> _EXERCISE INSTRUCTIONS_: Transcribe the line that contains "Vivaan Bedside Table-CW150" and every line after it to the end of the records, exactly and nothing else. Skip the pictures.

> _DATA FOR THIS EXERCISE_:
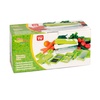 Ручная овощерезка Nicer Dicer Plus в Нижнем Новгороде вид 6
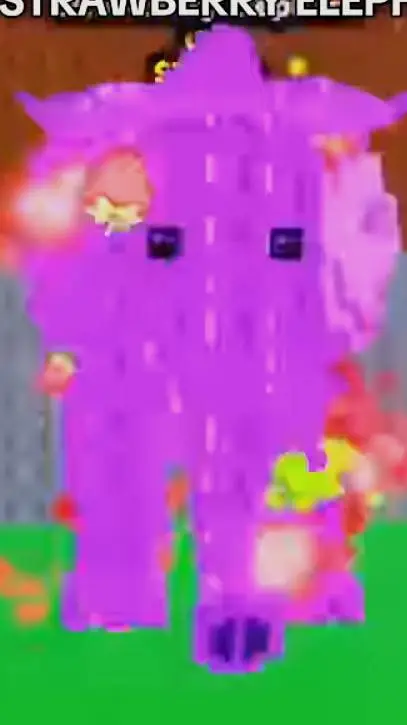 ai character: steal a braintont2 background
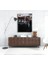 Klasik Araba Canvas Tablo 4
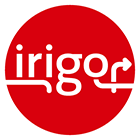 Irigo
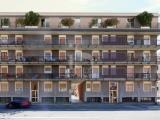 Appartamento, MILANO, 300.000 €, 65,00 mq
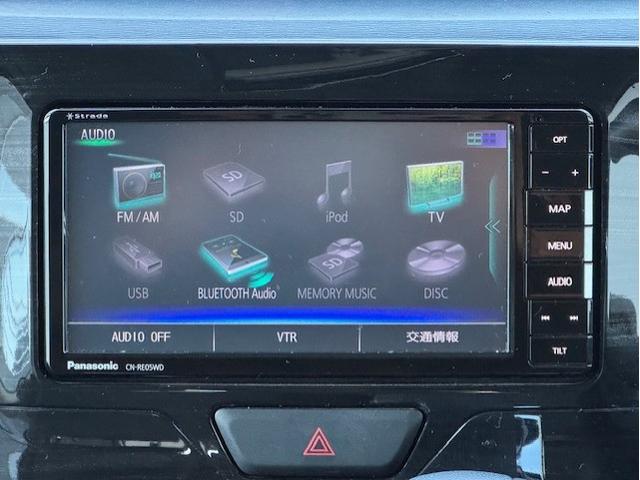 タント X VS SAIII 4WD ナビTV 全方位カメラ Bluetooth 両側電動スライドドア シートヒーター オートマチックハイビーム アイドリングストップ ETC LEDヘッドライト オートエアコン シートリフター(15枚目)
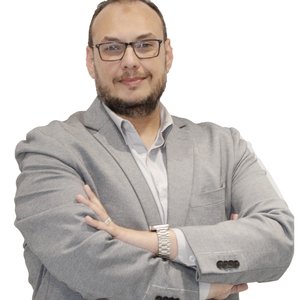 Mostafa Photo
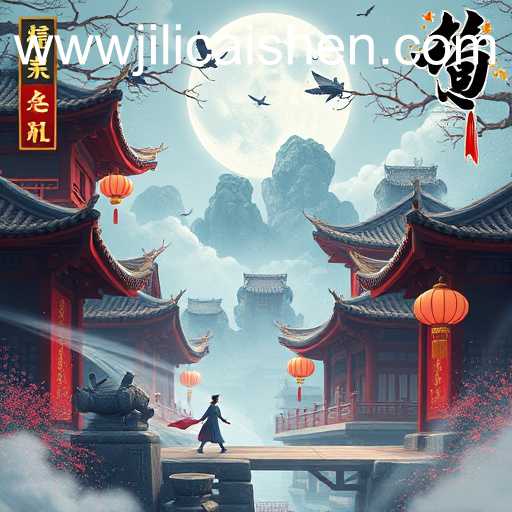 The Evolution of Online Gaming and Cultural Integration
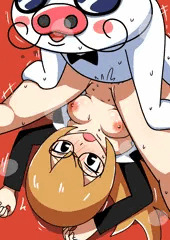 秘書さん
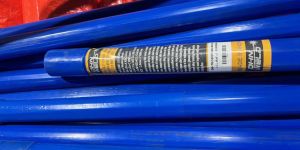 DHN Brass Welding Rods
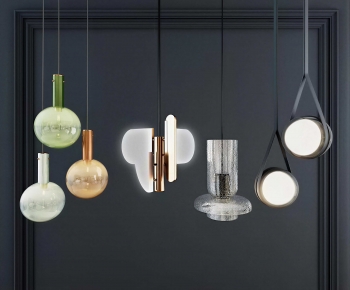 Modern Droplight-ID:338291886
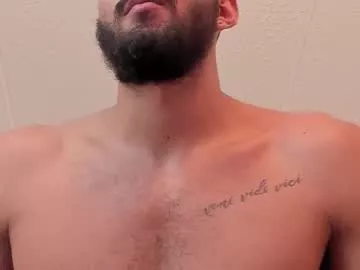 Joao_batista_team from Chaturbate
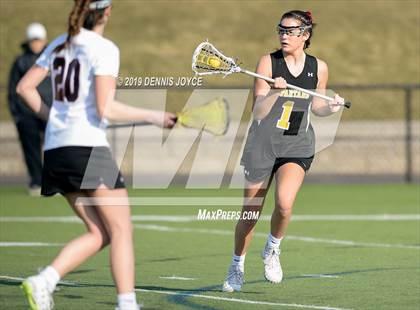 Thumbnail 1 in South Jefferson @ Penfield photogallery.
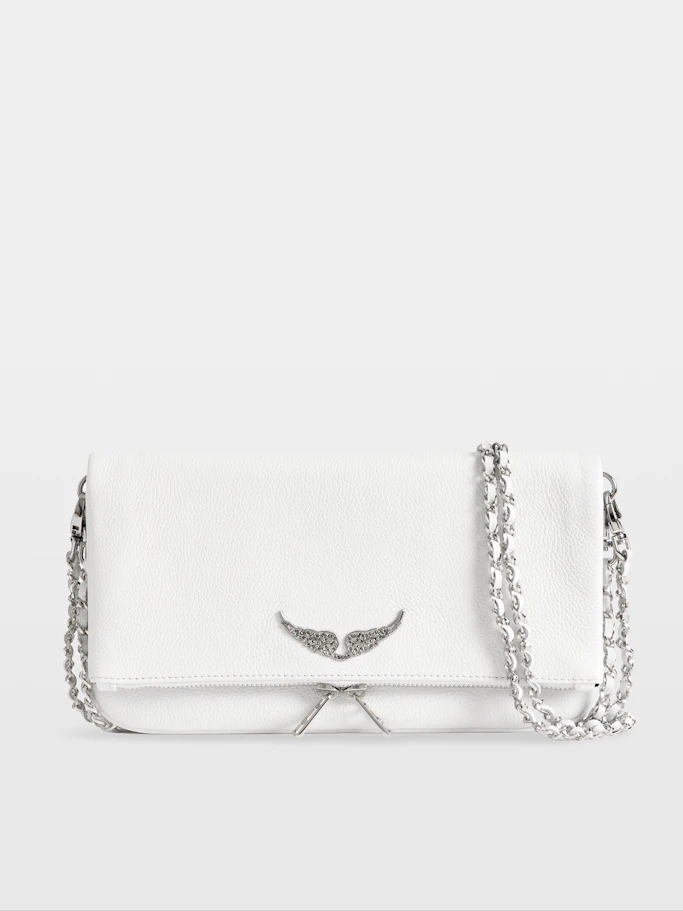 Rock Clutch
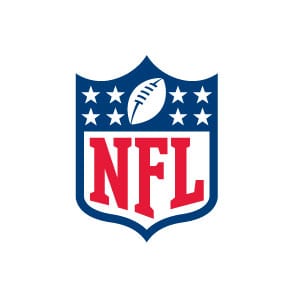 NFL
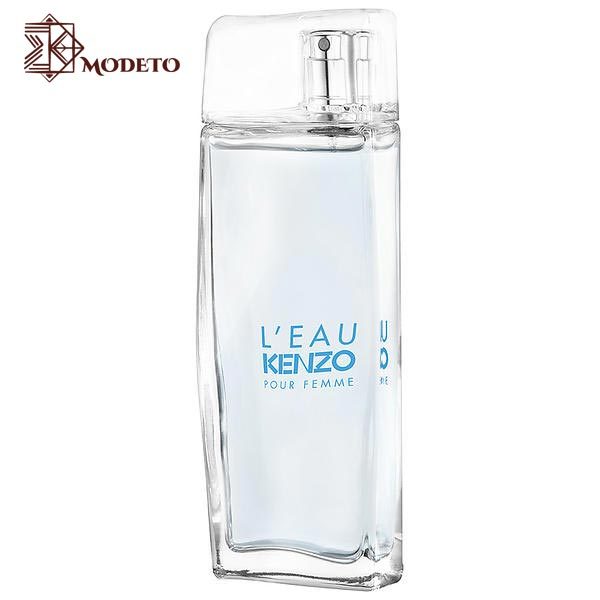 kenzo L’eaupar Edt 100Ml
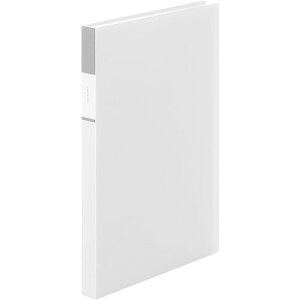 LOW KING JIM y10Zbgz LOW tFCobc NA[tAC  A4 40P(KJ-FV166TW-CLX10) 񂹏i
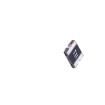 TLC-USMD110 Resettable Fuses - PPTC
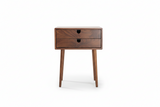 Vivaan Bedside Table-CW150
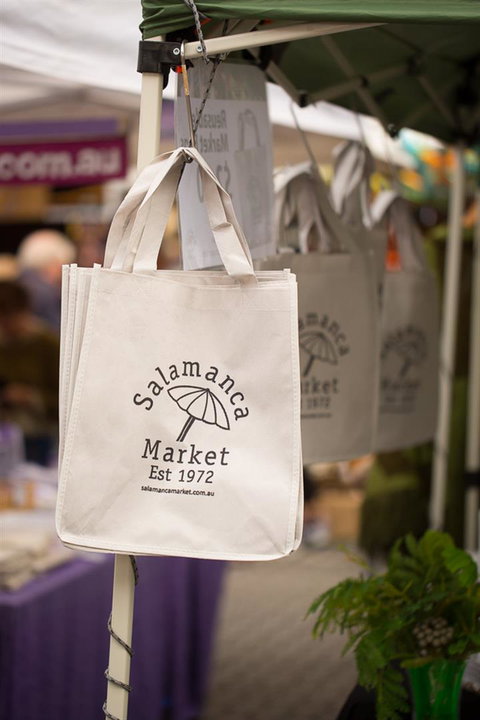 Salamanca Market - Tourism Gold Coast 4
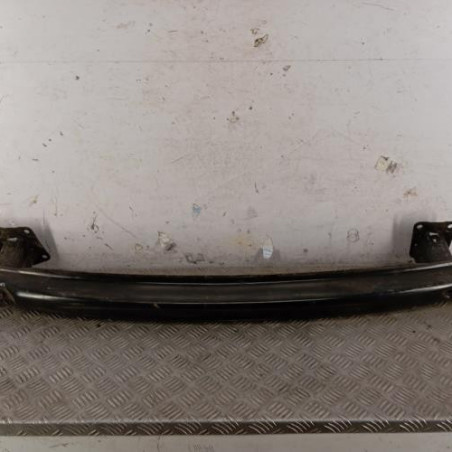 Renfort pare choc arriere (traverse) VOLKSWAGEN TOURAN 2 Photo n°1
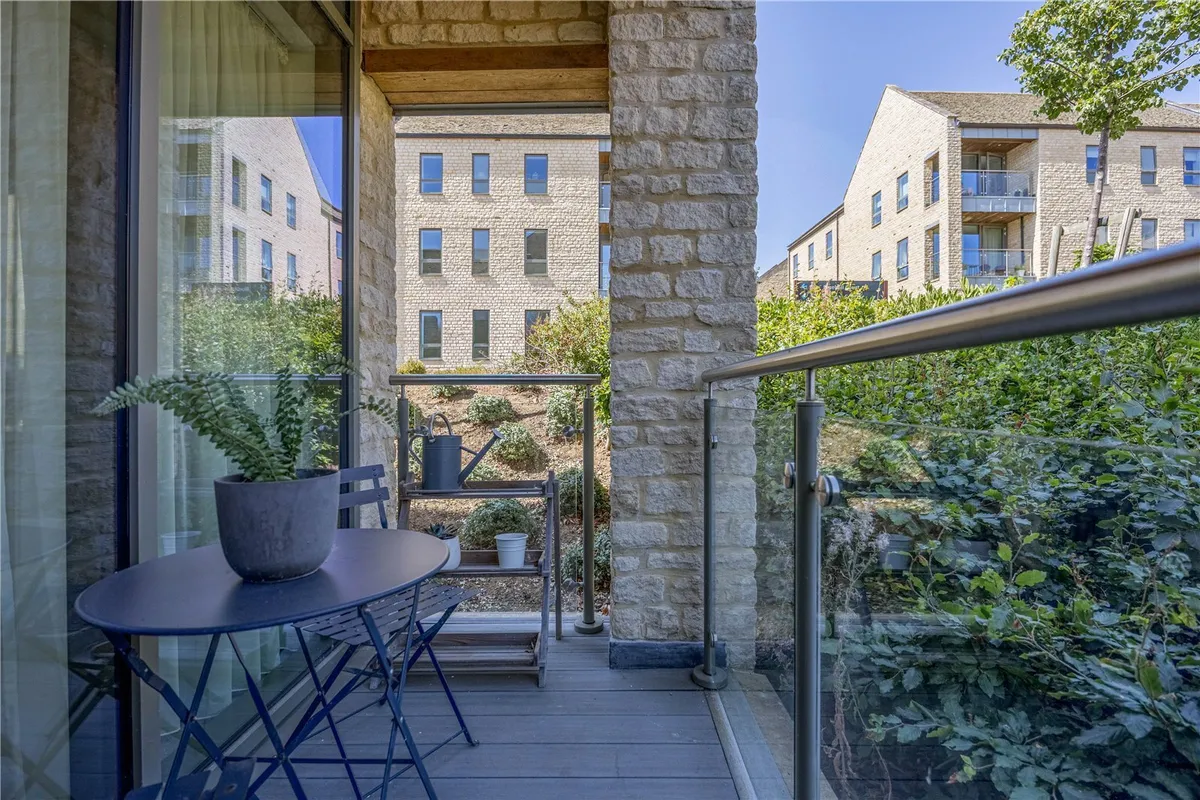 Beechwood Park, Stow on the Wold, Cheltenham, Gloucestershire, GL54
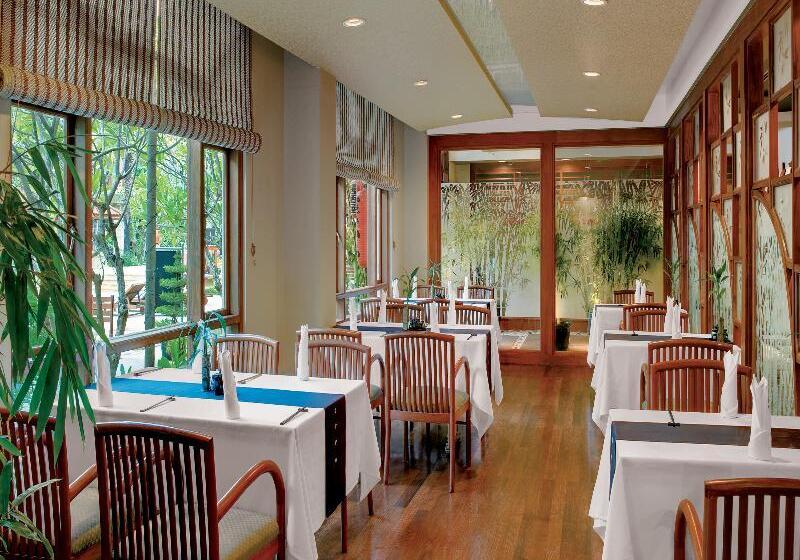 فندق Sokha Angkor Resort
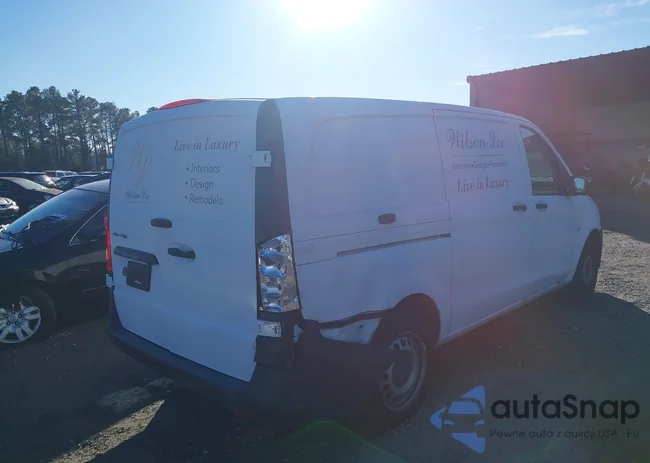 WD3PG2EA8L3653034: 43941107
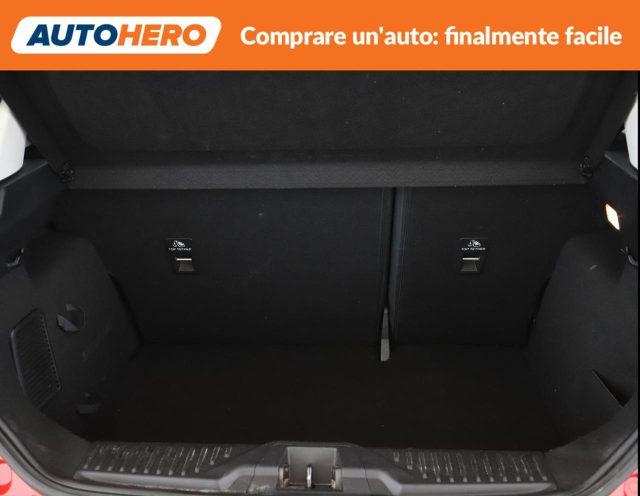 FORD Fiesta 1.1 5 porte Plus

> _SOLUTION_:
 Vivaan Bedside Table-CW150
 Salamanca Market - Tourism Gold Coast 4
 Renfort pare choc arriere (traverse) VOLKSWAGEN TOURAN 2 Photo n°1
 Beechwood Park, Stow on the Wold, Cheltenham, Gloucestershire, GL54
 فندق Sokha Angkor Resort
 WD3PG2EA8L3653034: 43941107
 FORD Fiesta 1.1 5 porte Plus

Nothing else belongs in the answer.